Wie schon dieser Abriss der diversen möglichen Auslegungen des Namens Philoktet deutlich macht, stellt der Eigenname durchaus ein Element dar, das bei der Analyse der Geschichte des jeweiligen Heros berücksichtigt werden muss, vor allem, wenn es sich um eine strukturale Analyse handelt, wie sie Masciadri vornimmt. Nach Masciadris Meinung jedoch hatten ältere Autoren den Eigennamen allzu viel Wert beigemessen, sodass eine „Schieflage“ entstanden sei. Diese gelte es zu beheben, indem man dem mehr Gewicht gibt, das im Nukleus (Kern) der diversen Versionen einer Sage das „Handlungselement“ bildet. Diesem „Kernstück“ einer Geschichte entspricht nach Masciadris Meinung eine Aussage von Typ „Philoktet und seine Verwundung“, also dem (nominalen) Eigennamen und dem (verbalen) Handlungselement. Der Mythenkern entspricht also der grammatischen Struktur ‚Nominalphrase (noun phrase) plus Verbalphrase (verb phrase). Masciadri gibt jedoch in seiner Analyse der Verbalphrase den Vorzug vor der Nominalphrase, weil letztere – also der Eigenname des Helden – seiner Meinung nach eine „bloße Bezeichnung“ darstellt. Der Eigenname bildet sozusagen ein ‚leeres Fach‘ innerhalb des Mythenkerns, also innerhalb dessen, was nach Ansicht Masciadris das elementare Grundgerüst der Geschichte bildet.

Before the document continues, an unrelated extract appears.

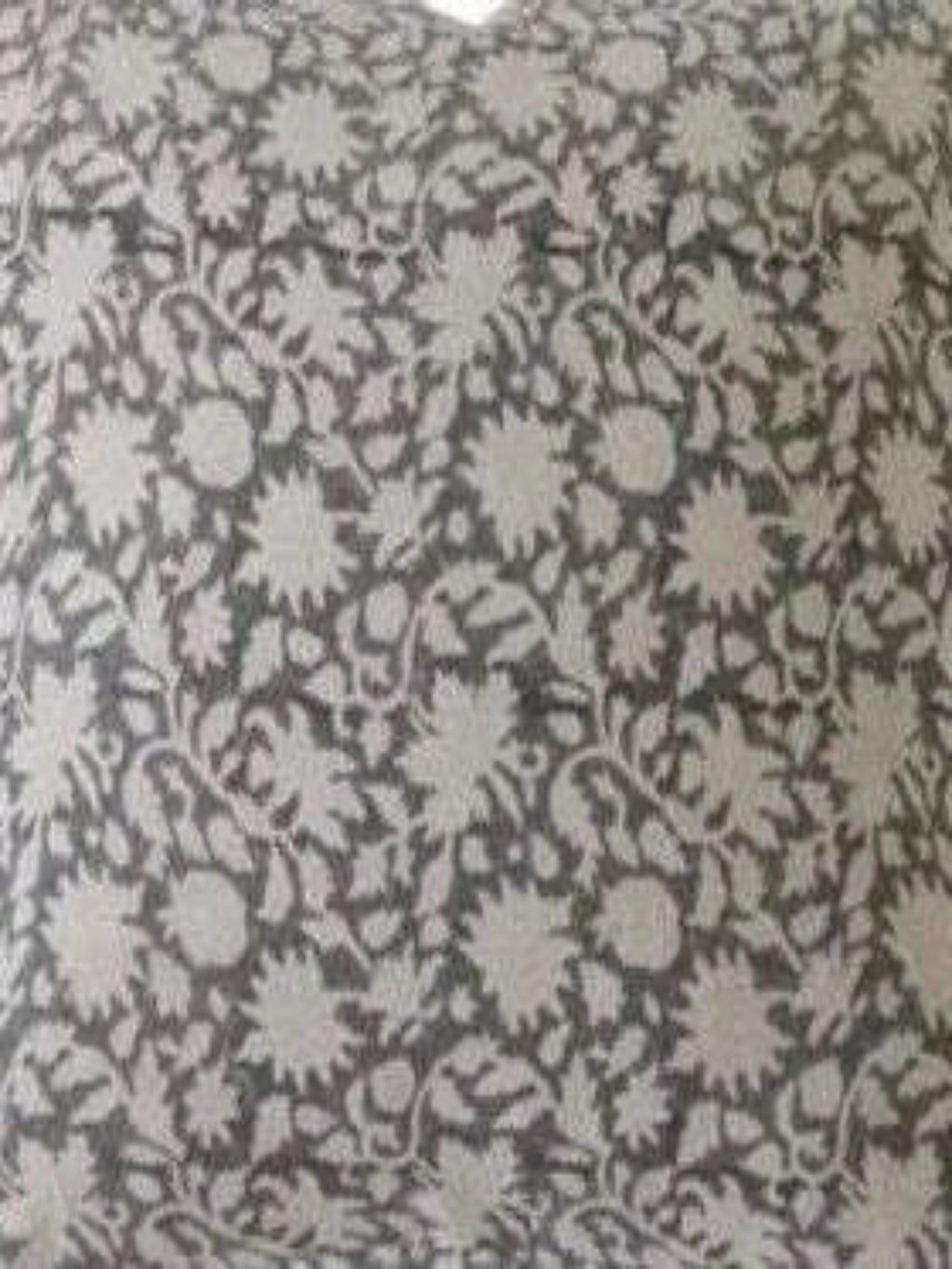 Michael Hand Block Printed Linen Fabric Linen Fabric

Uns fällt es allerdings schwer zu glauben, man könne griechische Eigennamen einfach wie Masciadri als „bloße Bezeichnung“ abtun, und das insbesondere bei Mythen. Kommen wir noch einmal auf Ödipus zurück. Oidipous bedeutet, wie wir gesehen haben, einerseits ‚Schwellfuß‘ als Verweis auf die genealogische Unordnung, die Ödipus durch die Heirat mit seiner Mutter schafft und für die Lahmheit im alten Griechenland synonym war.27 Andererseits kann Oidipous auch derjenige sein, ‚der das Rätsel der Füße löst‘, was auf sein Zusammentreffen mit der Sphinx anspielt,28 das zwar in den Werken Homers fehlt, jedoch in der Vasenmalerei sehr präsent ist.

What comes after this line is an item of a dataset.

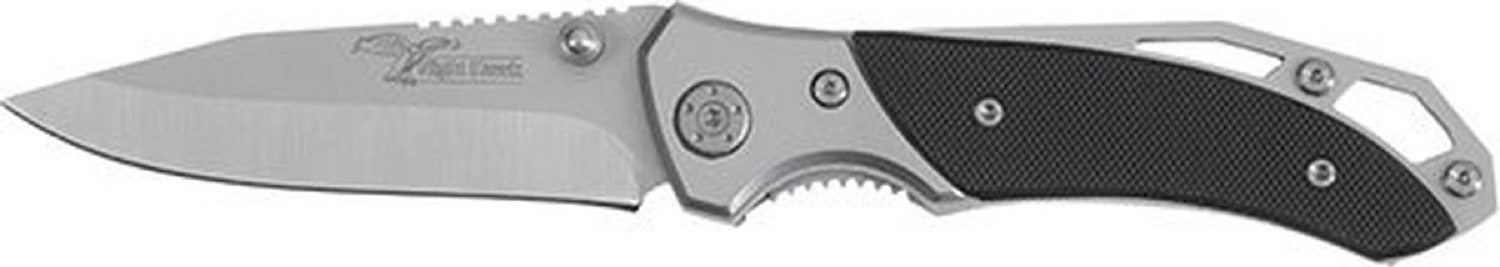 Homey's Zakmes Escape K3 - RVS/G10 - 20cm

Deshalb ist es aus unserer Sicht durchaus legitim zu denken, dass ein Eigenname selbst den „Mythenkern“ bilden kann; als solcher umfasst er bereits eine Nominalphrase (den Eigennamen eines konkretes Individuums) und Verbalphrasen (den Eigennamen, der bei Ödipus nacheinander auf den geschwollenen Fuß, das Hinken, die genealogische Unordnung und das Rätsel der Sphinx verweisen kann). Damit ist man von der Vorstellung des Eigennamens als „bloße Bezeichnung“ weit entfernt.